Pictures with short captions
━━━━
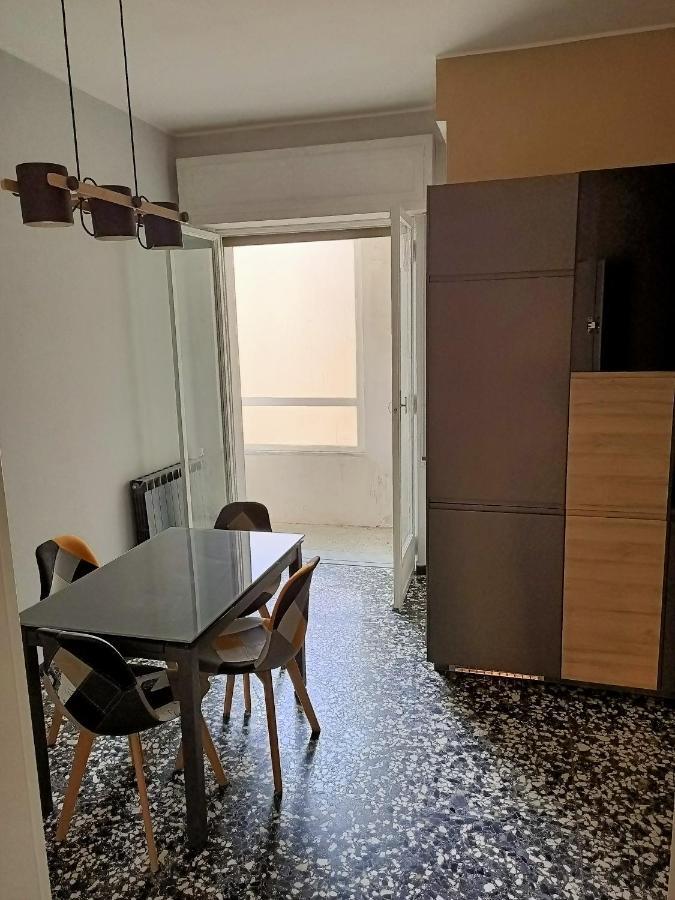 Appartamento La Casa di Noemi Savona Esterno foto
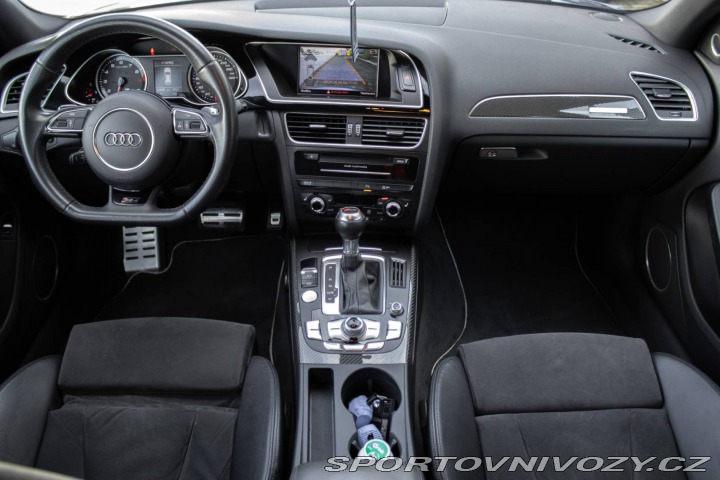 Audi RS4 RS4  331KW A/T / FINANCO 2013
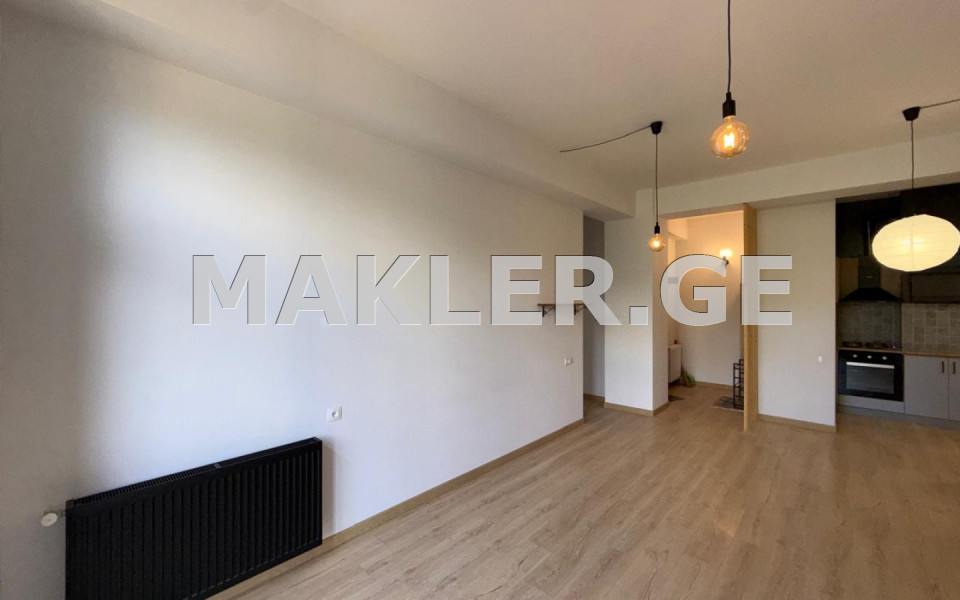  للبيع 3 room  الشقة في هضبة نوتسوبيدزه  in B.Zhgenti st. 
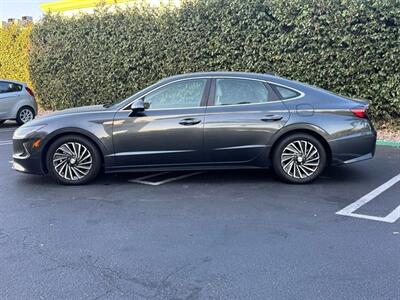 2020 Hyundai SONATA Hybrid Limited   - Photo 3 - Orange, CA 92867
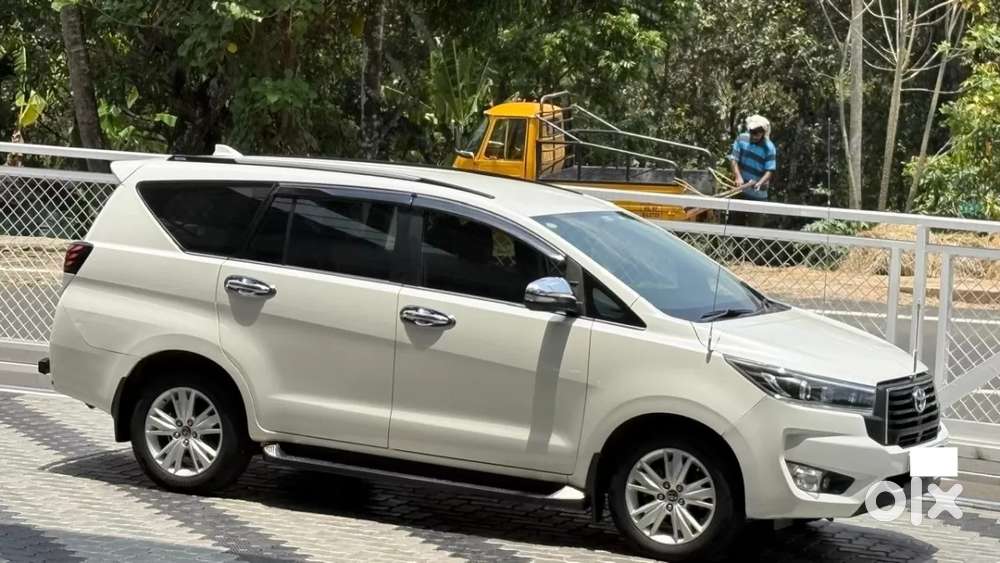 Toyota Innova Crysta [2020-ongoing] 2.7 Zx At 7 Str, 2016, Petrol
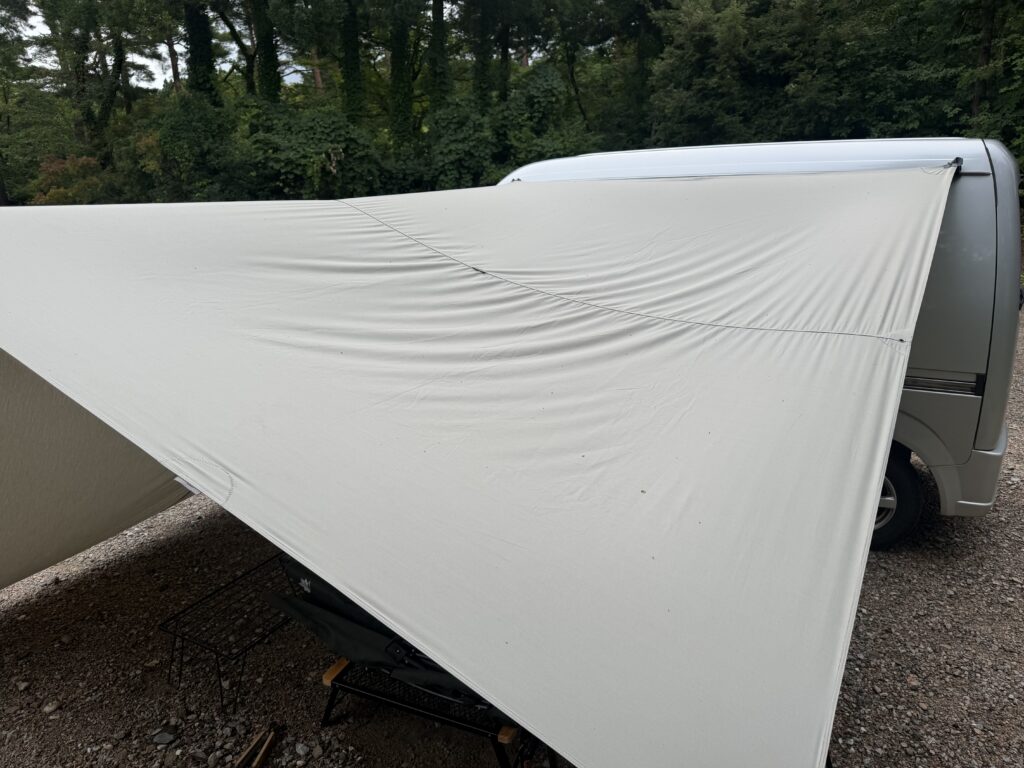 雨が上がった翌朝にほとんど乾いていたTatonka Tarp 4 TC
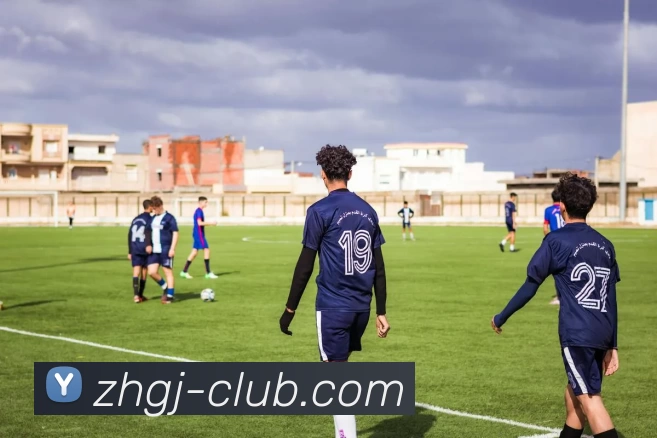 尊皇国际俱乐部APP 高清赛事图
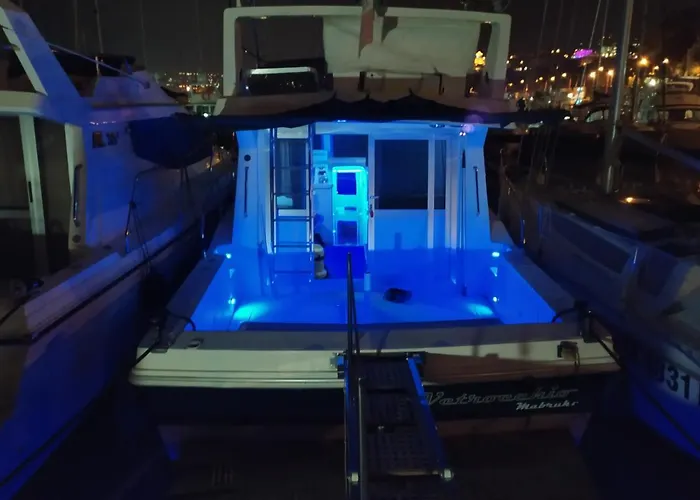 船屋 Charter Boat And Breakfast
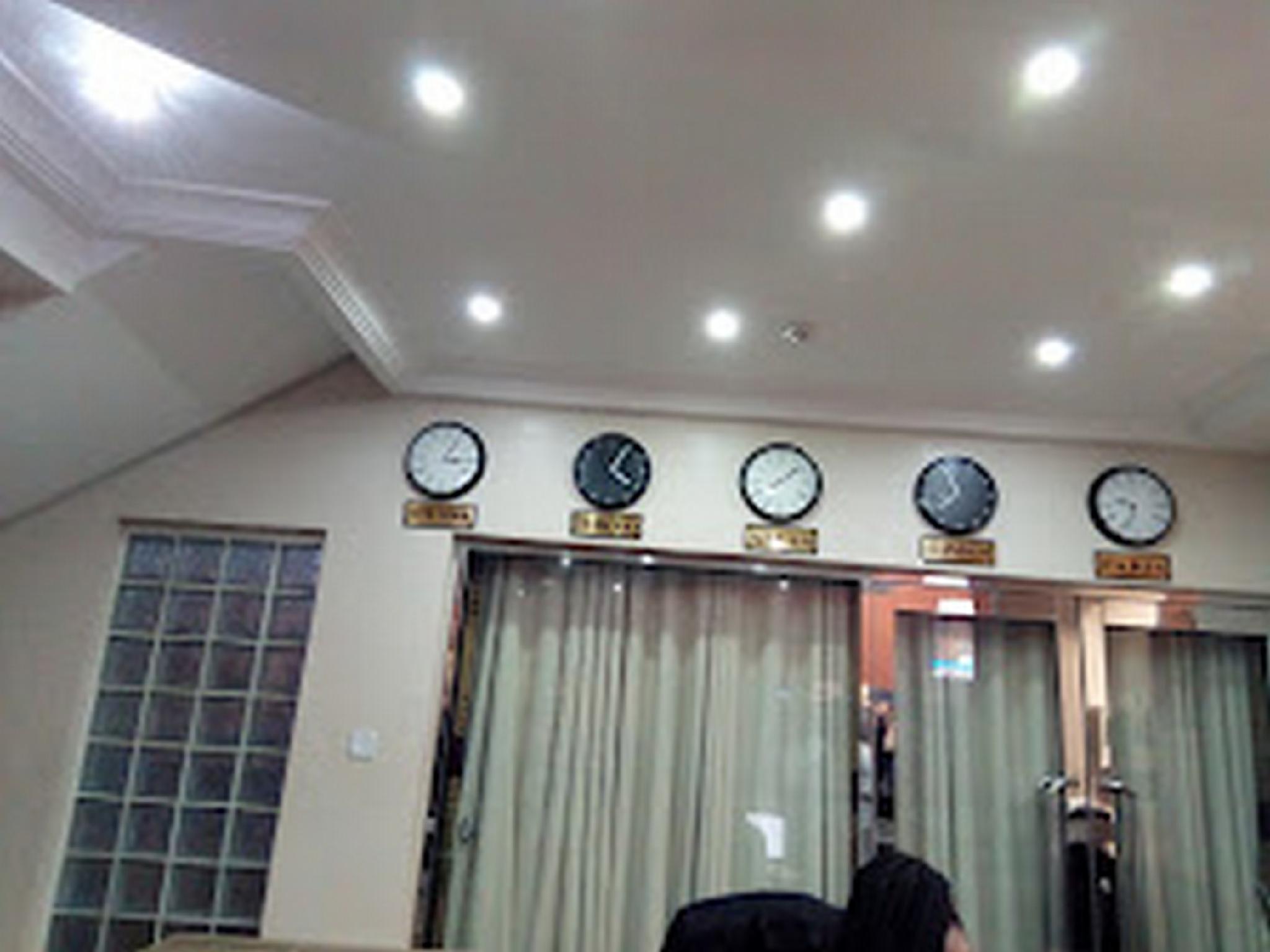 Ozom Hotel 5/29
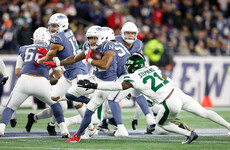 Henderson scores three touchdowns as Patriots top Jets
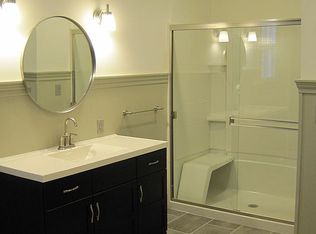 726 Lake Dr SE, Grand Rapids, MI 49503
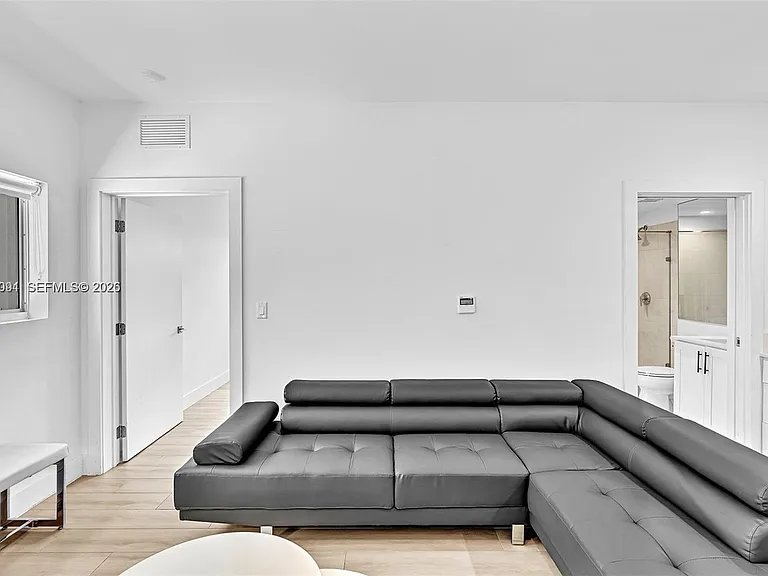 940 Michigan Ave #10 — Photo 15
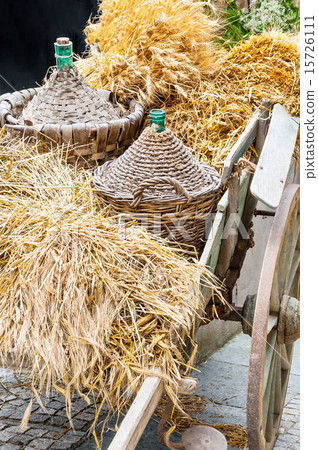 Autumn wooden cart 15726111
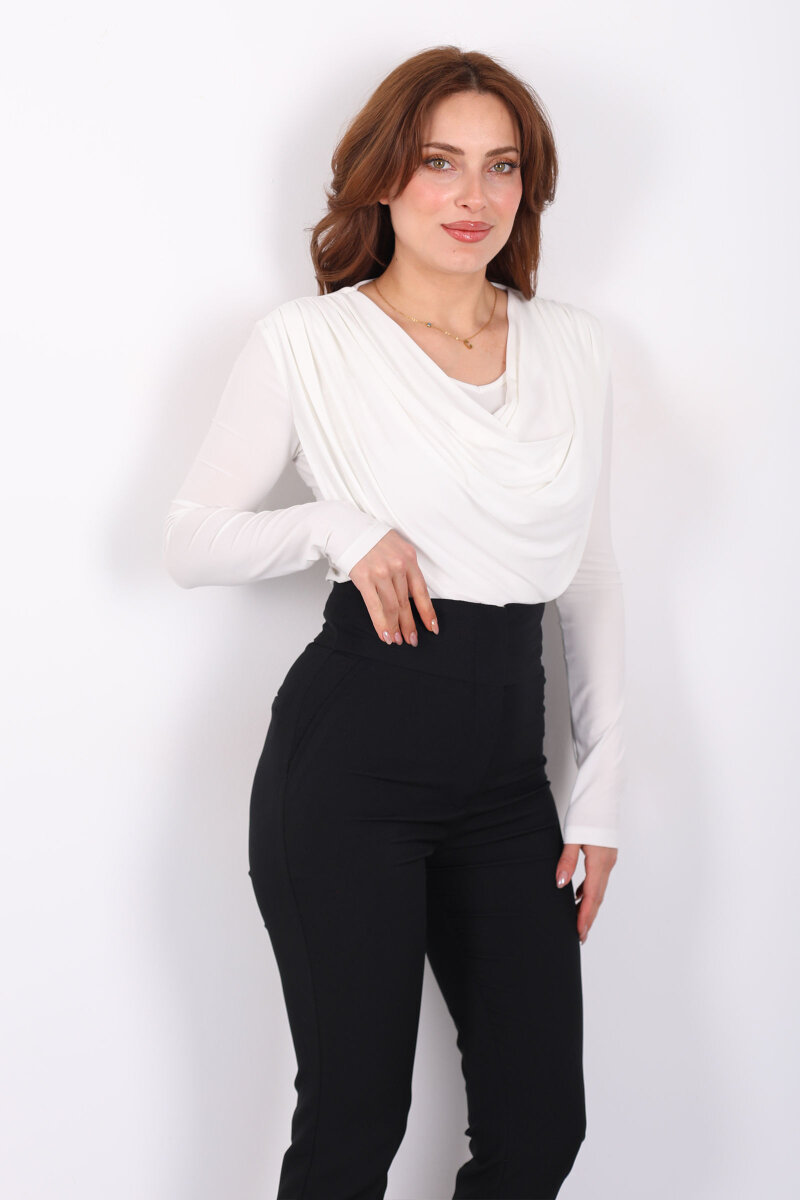 Omuz Pileli Degaje Yaka Kadın Beyaz Sandy Bluz - 4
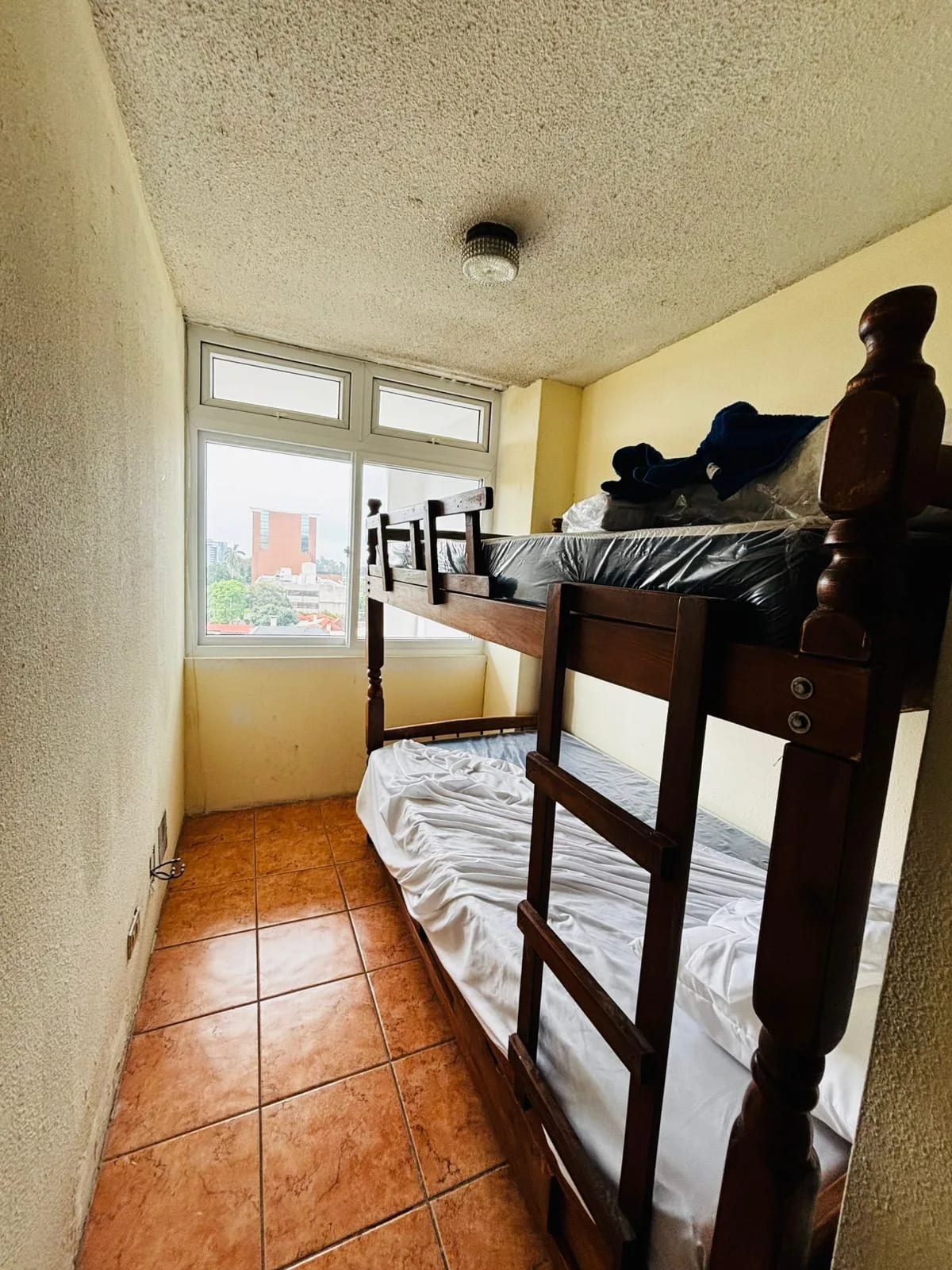 Amplio apartamento de 350 mts. en zona 10 — Apartamento en Alquiler en Zona 10, Guatemala, Ciudad — foto 16 de 17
━━━━
» Your task: The line containing "للبيع 3 room" and every line after it, through the end of the records, are what you should retype exactly. Do not include the pictures.

» Finished exercise:
  للبيع 3 room  الشقة في هضبة نوتسوبيدزه  in B.Zhgenti st. 
 2020 Hyundai SONATA Hybrid Limited   - Photo 3 - Orange, CA 92867
 Toyota Innova Crysta [2020-ongoing] 2.7 Zx At 7 Str, 2016, Petrol
 雨が上がった翌朝にほとんど乾いていたTatonka Tarp 4 TC
 尊皇国际俱乐部APP 高清赛事图
 船屋 Charter Boat And Breakfast
 Ozom Hotel 5/29
 Henderson scores three touchdowns as Patriots top Jets
 726 Lake Dr SE, Grand Rapids, MI 49503
 940 Michigan Ave #10 — Photo 15
 Autumn wooden cart 15726111
 Omuz Pileli Degaje Yaka Kadın Beyaz Sandy Bluz - 4
 Amplio apartamento de 350 mts. en zona 10 — Apartamento en Alquiler en Zona 10, Guatemala, Ciudad — foto 16 de 17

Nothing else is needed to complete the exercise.